Restate word for word the lines of the records below, starting at the line that contains "illustration of a" and ending at the line that contains "Lorell 2-Drawer Mobile", with both of those lines included and nothing else.

*** Material supplied Section Begins ***

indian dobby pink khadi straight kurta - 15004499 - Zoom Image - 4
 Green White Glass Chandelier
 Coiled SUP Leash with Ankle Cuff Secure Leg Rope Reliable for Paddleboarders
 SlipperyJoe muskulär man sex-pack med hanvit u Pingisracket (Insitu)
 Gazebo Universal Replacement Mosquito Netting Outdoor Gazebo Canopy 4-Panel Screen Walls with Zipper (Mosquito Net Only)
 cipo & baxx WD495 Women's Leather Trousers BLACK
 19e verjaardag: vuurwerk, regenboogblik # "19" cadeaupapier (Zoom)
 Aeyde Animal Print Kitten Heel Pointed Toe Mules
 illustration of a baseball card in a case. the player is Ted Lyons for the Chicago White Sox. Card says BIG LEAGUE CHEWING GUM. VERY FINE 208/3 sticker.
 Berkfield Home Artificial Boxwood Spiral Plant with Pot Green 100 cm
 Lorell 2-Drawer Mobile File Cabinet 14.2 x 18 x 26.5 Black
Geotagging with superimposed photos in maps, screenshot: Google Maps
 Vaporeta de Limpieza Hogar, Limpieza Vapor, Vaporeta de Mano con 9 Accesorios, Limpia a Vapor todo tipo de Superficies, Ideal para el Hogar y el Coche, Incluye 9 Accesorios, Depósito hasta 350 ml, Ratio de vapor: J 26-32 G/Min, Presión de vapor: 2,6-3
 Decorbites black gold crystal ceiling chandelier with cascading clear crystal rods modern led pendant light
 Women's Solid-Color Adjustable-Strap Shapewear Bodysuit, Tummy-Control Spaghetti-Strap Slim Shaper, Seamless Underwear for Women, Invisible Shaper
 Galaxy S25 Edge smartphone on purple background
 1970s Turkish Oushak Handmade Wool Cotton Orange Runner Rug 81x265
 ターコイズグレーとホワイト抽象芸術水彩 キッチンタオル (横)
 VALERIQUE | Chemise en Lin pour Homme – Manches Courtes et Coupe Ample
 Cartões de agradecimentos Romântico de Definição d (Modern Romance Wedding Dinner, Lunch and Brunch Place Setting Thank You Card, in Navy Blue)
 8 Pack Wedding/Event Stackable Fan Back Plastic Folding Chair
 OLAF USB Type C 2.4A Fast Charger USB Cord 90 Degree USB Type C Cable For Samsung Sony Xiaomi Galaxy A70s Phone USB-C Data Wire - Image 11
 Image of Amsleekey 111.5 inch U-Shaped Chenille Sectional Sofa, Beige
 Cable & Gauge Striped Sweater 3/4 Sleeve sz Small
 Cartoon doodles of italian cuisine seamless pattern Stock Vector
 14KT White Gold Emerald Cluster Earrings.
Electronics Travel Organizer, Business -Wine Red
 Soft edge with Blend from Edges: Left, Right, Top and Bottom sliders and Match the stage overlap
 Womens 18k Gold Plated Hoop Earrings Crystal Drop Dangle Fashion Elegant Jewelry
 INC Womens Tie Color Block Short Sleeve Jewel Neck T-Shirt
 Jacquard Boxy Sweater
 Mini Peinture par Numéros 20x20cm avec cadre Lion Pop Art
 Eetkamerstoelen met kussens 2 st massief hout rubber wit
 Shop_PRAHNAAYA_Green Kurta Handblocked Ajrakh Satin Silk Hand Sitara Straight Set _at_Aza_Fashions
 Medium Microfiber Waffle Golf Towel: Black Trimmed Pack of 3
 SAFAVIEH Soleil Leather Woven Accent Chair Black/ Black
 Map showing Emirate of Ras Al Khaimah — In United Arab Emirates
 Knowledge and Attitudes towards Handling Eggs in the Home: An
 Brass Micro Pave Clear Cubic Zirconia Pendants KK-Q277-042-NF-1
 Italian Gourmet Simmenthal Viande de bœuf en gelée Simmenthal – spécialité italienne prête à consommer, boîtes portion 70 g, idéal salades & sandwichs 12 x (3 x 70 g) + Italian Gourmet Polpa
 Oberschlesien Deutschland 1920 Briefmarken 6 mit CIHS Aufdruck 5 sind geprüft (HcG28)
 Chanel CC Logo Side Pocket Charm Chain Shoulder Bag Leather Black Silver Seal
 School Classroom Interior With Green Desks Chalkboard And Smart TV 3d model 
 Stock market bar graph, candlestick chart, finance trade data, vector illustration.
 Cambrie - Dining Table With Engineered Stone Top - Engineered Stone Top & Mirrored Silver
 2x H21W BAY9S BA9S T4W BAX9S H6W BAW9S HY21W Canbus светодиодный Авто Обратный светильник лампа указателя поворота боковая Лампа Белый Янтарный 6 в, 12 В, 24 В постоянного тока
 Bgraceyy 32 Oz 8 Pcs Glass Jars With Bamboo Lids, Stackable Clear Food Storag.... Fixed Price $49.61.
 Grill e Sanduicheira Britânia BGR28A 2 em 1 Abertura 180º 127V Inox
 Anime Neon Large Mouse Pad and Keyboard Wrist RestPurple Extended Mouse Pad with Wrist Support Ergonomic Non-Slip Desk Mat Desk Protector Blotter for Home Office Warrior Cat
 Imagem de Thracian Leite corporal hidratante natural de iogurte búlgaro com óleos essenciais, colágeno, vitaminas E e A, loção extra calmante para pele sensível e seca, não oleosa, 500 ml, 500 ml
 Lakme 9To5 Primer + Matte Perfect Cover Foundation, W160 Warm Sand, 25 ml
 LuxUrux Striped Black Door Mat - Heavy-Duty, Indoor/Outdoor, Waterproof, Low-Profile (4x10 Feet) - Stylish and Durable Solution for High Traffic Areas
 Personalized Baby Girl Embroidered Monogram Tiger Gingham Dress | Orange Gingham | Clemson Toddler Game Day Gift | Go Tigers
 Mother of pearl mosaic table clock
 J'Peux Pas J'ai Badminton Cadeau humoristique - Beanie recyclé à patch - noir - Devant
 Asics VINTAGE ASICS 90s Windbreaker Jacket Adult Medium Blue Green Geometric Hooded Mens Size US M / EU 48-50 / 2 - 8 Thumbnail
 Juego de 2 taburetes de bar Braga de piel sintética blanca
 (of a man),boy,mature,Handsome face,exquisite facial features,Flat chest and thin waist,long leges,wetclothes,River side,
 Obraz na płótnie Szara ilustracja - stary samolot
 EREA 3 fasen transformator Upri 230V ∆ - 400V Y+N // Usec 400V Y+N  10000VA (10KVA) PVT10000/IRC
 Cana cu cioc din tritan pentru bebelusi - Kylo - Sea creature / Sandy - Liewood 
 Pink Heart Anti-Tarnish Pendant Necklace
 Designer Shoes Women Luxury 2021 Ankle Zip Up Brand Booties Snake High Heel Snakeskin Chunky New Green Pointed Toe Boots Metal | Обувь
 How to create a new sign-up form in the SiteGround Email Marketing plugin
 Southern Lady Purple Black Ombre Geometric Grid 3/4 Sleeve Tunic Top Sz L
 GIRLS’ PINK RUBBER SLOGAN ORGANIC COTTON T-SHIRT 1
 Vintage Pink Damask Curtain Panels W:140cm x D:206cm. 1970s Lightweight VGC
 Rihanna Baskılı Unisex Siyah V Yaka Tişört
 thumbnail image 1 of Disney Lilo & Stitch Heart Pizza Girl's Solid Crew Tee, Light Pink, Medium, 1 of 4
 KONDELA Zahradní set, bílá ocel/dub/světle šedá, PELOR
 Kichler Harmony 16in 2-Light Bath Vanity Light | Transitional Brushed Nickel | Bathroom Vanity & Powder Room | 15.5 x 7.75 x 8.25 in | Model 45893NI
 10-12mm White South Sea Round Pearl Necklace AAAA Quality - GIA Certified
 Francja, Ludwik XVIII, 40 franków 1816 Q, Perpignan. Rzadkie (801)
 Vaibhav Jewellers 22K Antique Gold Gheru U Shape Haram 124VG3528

*** Material supplied Section Ends ***

▶ [Solved exercise]:
 illustration of a baseball card in a case. the player is Ted Lyons for the Chicago White Sox. Card says BIG LEAGUE CHEWING GUM. VERY FINE 208/3 sticker.
 Berkfield Home Artificial Boxwood Spiral Plant with Pot Green 100 cm
 Lorell 2-Drawer Mobile File Cabinet 14.2 x 18 x 26.5 Black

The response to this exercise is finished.